____ Given records

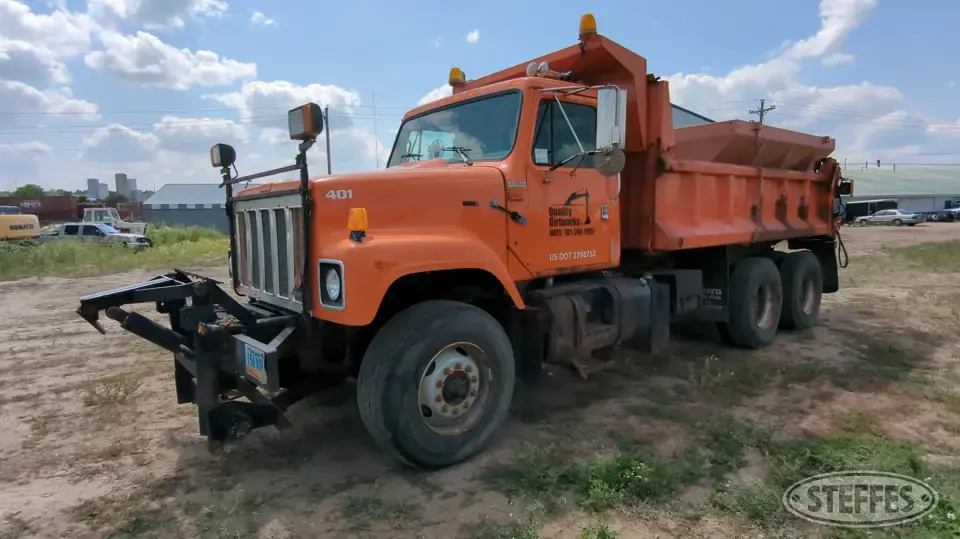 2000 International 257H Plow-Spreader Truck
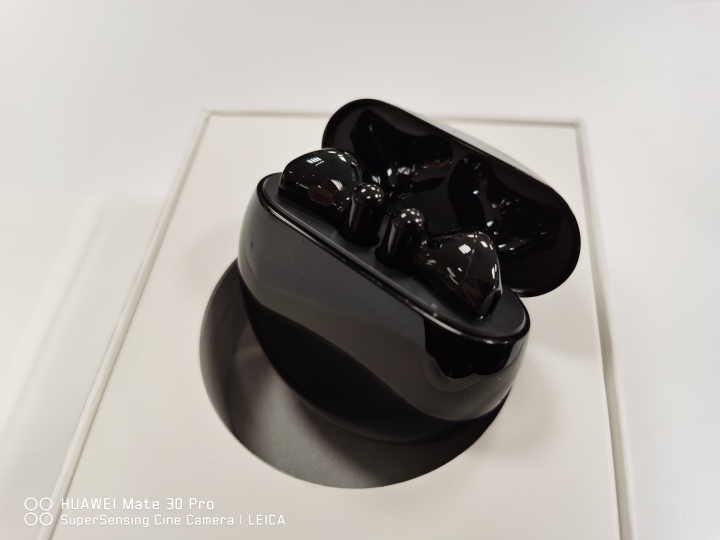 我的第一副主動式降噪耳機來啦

________
____ Given records

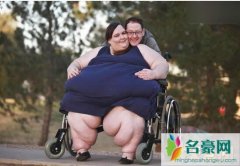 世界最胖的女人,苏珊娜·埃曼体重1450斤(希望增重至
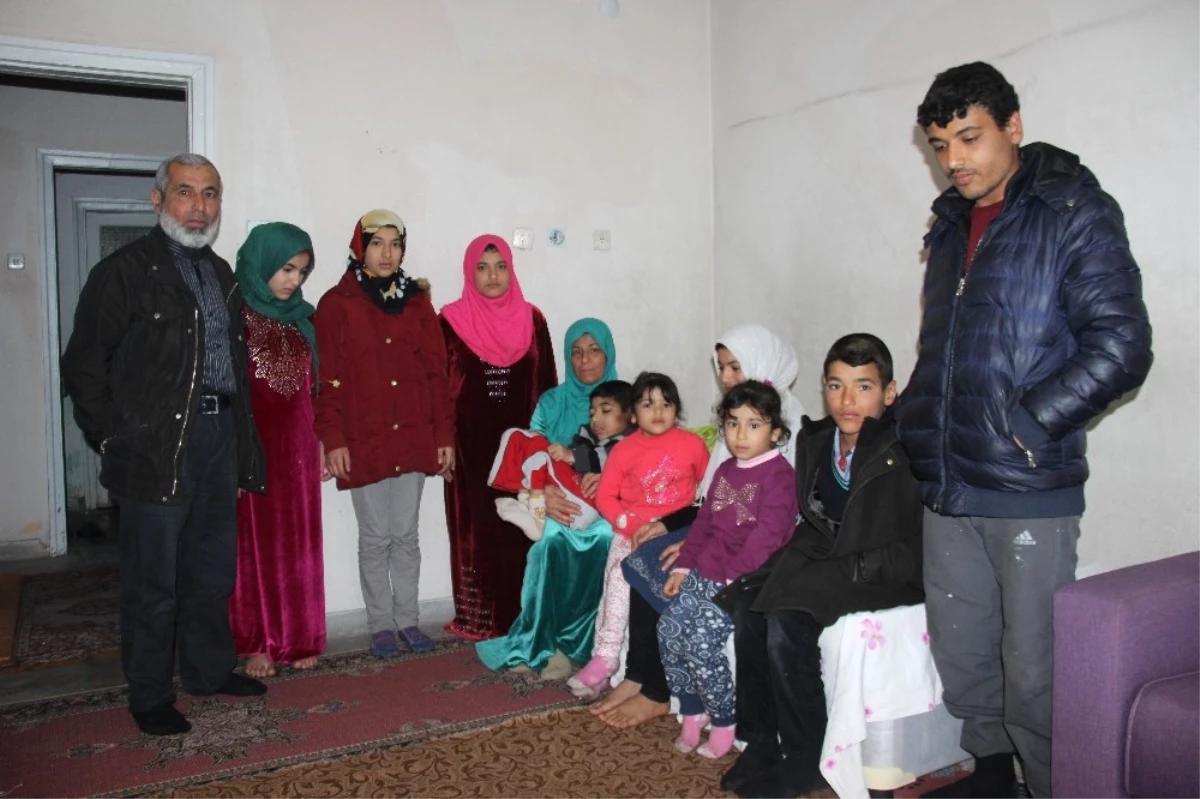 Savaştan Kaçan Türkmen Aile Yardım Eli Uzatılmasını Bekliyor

________

## Your task
Every line above from the one with "2000 International 257H Plow-Spreader Truck" down to the one with "我的第一副主動式降噪耳機來啦" must be written out exactly, and no picture may appear.

## Solution
 2000 International 257H Plow-Spreader Truck
 我的第一副主動式降噪耳機來啦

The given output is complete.